On the face of it, he appears to be out to obliterate any trace of an Obama legacy. That’s the pure partisanship we’ve come to expect from Mitch, whether we detect a nice whiff of racism in it or not. His major consideration is never that wheezy old ideal, “what’s best for all Americans.” Forget that. It’s about the political chess board, about who gets credit for what. It’s about optics. His own personal Machiavellian soap opera.
How can we know this? You might not see it immediately where his efforts coincide with the misbegotten views of his Kentucky constituents, such as coal interests that wanted the U.S. out of the Paris Climate Accords; or private prison corporations that donated heavily to McConnell and others, opposing Obama-era sentencing reform. Hey, who wants to threaten America’s global domination in the field of incarcerating its own citizens?
But the health care saga is more telling. Just as an aside, I ‘m not crazy about having people like Mitch–who doesn’t have to think about how he’ll get health care–designing my health care program. It’s kind of like having men designing bras. At any rate, health care is where Mitch displays his colors. We all remember the story: the righteous and ferocious “Repeal and replace!” issuing from the foaming lips of Mitch and friends. It almost sounded like something positive was being proposed. Hah, I say. There was nothing on offer. Not a variation on Obamacare, nor something truly original. Just a few last-minute, cheap-shot bits of legislation that stank of revenge and desperation; and that includes the latest iteration from Senators Graham and Cassidy.
To add injury to insult, Mitch’s blood lust to repeal Obamacare was even powerful enough to ignore the 400,000 or so of his own constituents who would lose health care as a result.
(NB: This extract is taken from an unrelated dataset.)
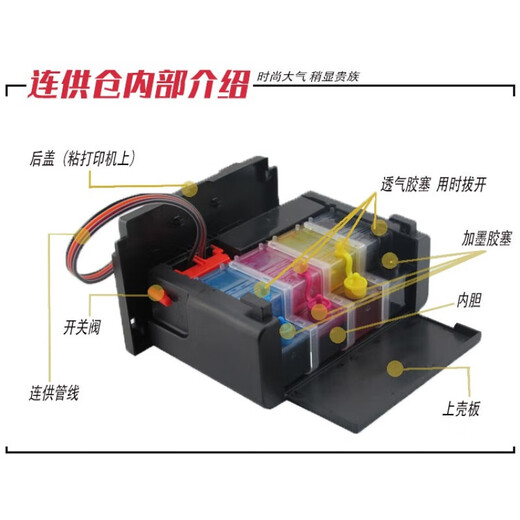 Geeignet für Canon 840 841 Tintenpatrone MG3680 Continuous Supply 3580 3180 MX398 378 Drucker TS5180 @PG840+841 Schwarz Farbkassette kann angeschlossen werden.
Now that’s truly legendary “won’t” power.
Even with Trump in office, ostensibly ready to sign a health care bill into law with that signature that looks like a heavily caffeinated seismic event, Mitch can’t muster the “will” that’s needed, so accustomed is he to “won’t.” I could feel sorry for him, except that, like Wile E. Coyote, he has slammed into an imaginary wall of his own making: his unwillingness to contemplate anything other than what must be at least nominally a “complete” repeal of Obamacare. Even to consider working with the opposition to fix the existing law is anathema, because that, my friends, would mean admitting that there are good things in the ACA. Things that Americans want and need. What a horror for Mitch. You mean admit that our black former-president might have had some good ideas?
He’d rather die first. Okay, maybe not die himself—but let some of his fellow Americans die? That seems to work for him. It’s the principal of the thing.
The bad news for Mitch is that the obstructive habit of his “won’t” is going to continue to dog him. A Republican Congress will now have to confront issues like DACA, tax reform, and infrastructure; they will have to take (gasp!) responsibility for what happens—or what doesn’t happen. If he is to have anything to show for his stewardship, Mitch will have to loosen his iron grip and allow the Senate to function with the tools that have served it for generations: debate and compromise. No less than John McCain recently urged in a Washington Post Op-Ed that Mitch return the Senate to “regular order,” i.e., allowing committees to release bills to the whole body for debate, amendments, and voting. Something Mitch has refused to do since he concocted the plan that allowed thirteen men to produce a health care bill that no one wanted.
A bunch of cagey, calculated “won’ts” just can’t provide the “will” we so badly need.